Eu não acreditava que esta entrevista fosse acontecer. Beira-Mar estava foragido e era o bandido mais procurado do país na época. A única entrevista que ele tinha dado havia sido feita através de um advogado. Então, por duvidar de que fosse acontecer mesmo, eu me preparei pouquíssimo. Me pegou de surpresa mesmo. Isso abre espaço para insegurança. Mas acabou virando um bate-papo, porque eu tentei me aproximar da linguagem dele. Não há como colocar um erudito para entrevistar um bandido ou um policial, por exemplo. A linguagem aproxima. A minha sorte, no caso do Beira-Mar, foi ele estar com muita vontade de falar e falou muita coisa boa. Isso supriu qualquer deficiência minha.

Alguma coisa chocou você nas entrevistas com Beira-Mar?

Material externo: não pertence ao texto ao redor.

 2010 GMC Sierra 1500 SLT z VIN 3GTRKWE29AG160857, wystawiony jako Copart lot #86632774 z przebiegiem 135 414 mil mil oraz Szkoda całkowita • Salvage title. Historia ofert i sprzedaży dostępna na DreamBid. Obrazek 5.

Não, porque ele não falou ou não se aprofundou em muitos assuntos. Mas, nas entrevistas, ele falou muito de dois policiais que extorquiam ele. Ele pagava a esses caras e ficou com muita raiva quando um deles teve um relacionamento com uma de suas ex-namoradas. Michel era o nome do policial. Então, uma coisa que me chocou foi quando ouvi uma gravação em que ele manda matar o Michel e também fala em tortura. Depois disso, entrevistei-o mais uma vez e ele disse que há coisas que precisam ser feitas e que as pessoas nunca iriam entender, mais ou menos como se dissesse: “são ossos do ofício”.

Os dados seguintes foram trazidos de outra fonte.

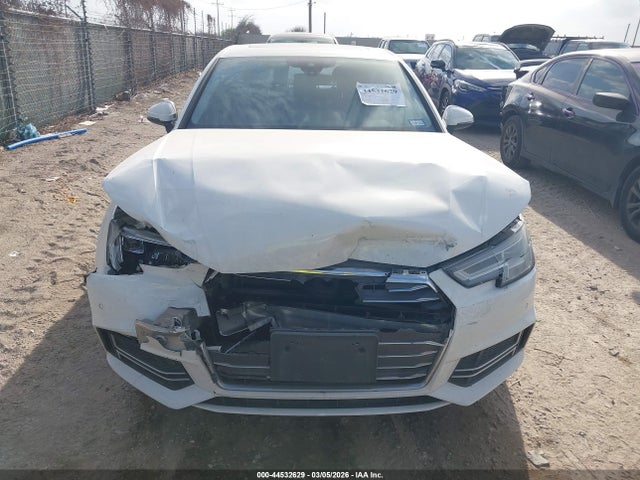 Продаж на аукціоні авто 2017 Audi A4 2.0t Premium, vin: WAUENAF45HN002880, номер лоту: 44532629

Você teve medo de Fernandinho Beira-Mar?


Não, não. Mas ele me contou quando mandou matar os irmãos Morel, logo depois dos caras terem morrido, 20 minutos depois. Ali eu fiquei com medo. Não dele, mas da situação em que eu estava. A advogada colocava ele em contato comigo rapidamente. A gente se falava através de um orelhão. Na semana seguinte, ele me contou que tinha mandado matar o pai, que estava preso, por 50 mil reais. Depois admitiu para um jornal no Paraguai que tinha mandado matar os dois irmãos dele. Ele tentou falar comigo logo depois também, mas eu não estava no Rio. Não sei se ele me contaria antes de fazer uma coisa dessas. Essas coisas são perigosas. Eu sempre oriento os repórteres a ter muita atenção para o modo como vão falar com esse tipo de cara, porque, para se aproximar, você acaba falando como se fosse amigo do cara.

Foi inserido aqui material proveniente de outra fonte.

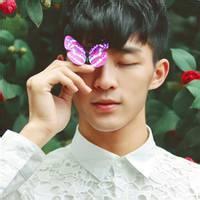 男生好基友头像图片两张_WWW.WHOISQQ.COM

Como foi trabalhar como ghost writer na biografia da ex-candidata a presidente Marina Magessi?


Foi a minha experiência mais profunda ligada à arte de entrevistar, mas não gostaria de fazer outro trabalho parecido. Hoje quero mais histórias de gente comum e não quero mais fazer biografias. Porque é como se, durante determinado tempo, você estivesse realmente vivendo a vida do outro e seus sentimentos. É difícil de lidar com isso.

Você fez muitas entrevistas com a Marina para escrever a biografia. Como foi essa experiência?


Muito forte. Embora eu não tenha escrito o livro sozinho, fiquei com a função de escrever a parte mais pessoal, mais emocional. As entrevistas duravam três horas. Falávamos sobre muitos aspectos da vida dela, como, por exemplo, o abuso sexual que ela sofreu do tio. Não é fácil escrever no lugar da pessoa. Você acaba se envolvendo muito com aquilo. Eu tinha que ser a Marina, tinha que escrever como se fosse ela. Entrevista para biografia é muito mais profunda. Rola muita emoção em viver o outro. Eu chorei escrevendo. Para o meu lado psicológico foi uma experiência muito difícil. Imagina como é pessoa ser abusada e você ter que descrever o ambiente, o cômodo, o sofá. Quando você se dá conta, está dentro daquela cena com a pessoa. É complicado. Prefiro pesquisar a história e descobrir segredos.

Além disso, depois que eu escrevo, não gosto de ler. Nunca li esse livro. Tenho horror. Mudaria tudo. Eu sou muito crítico comigo mesmo. Sou mais crítico comigo do que com os outros.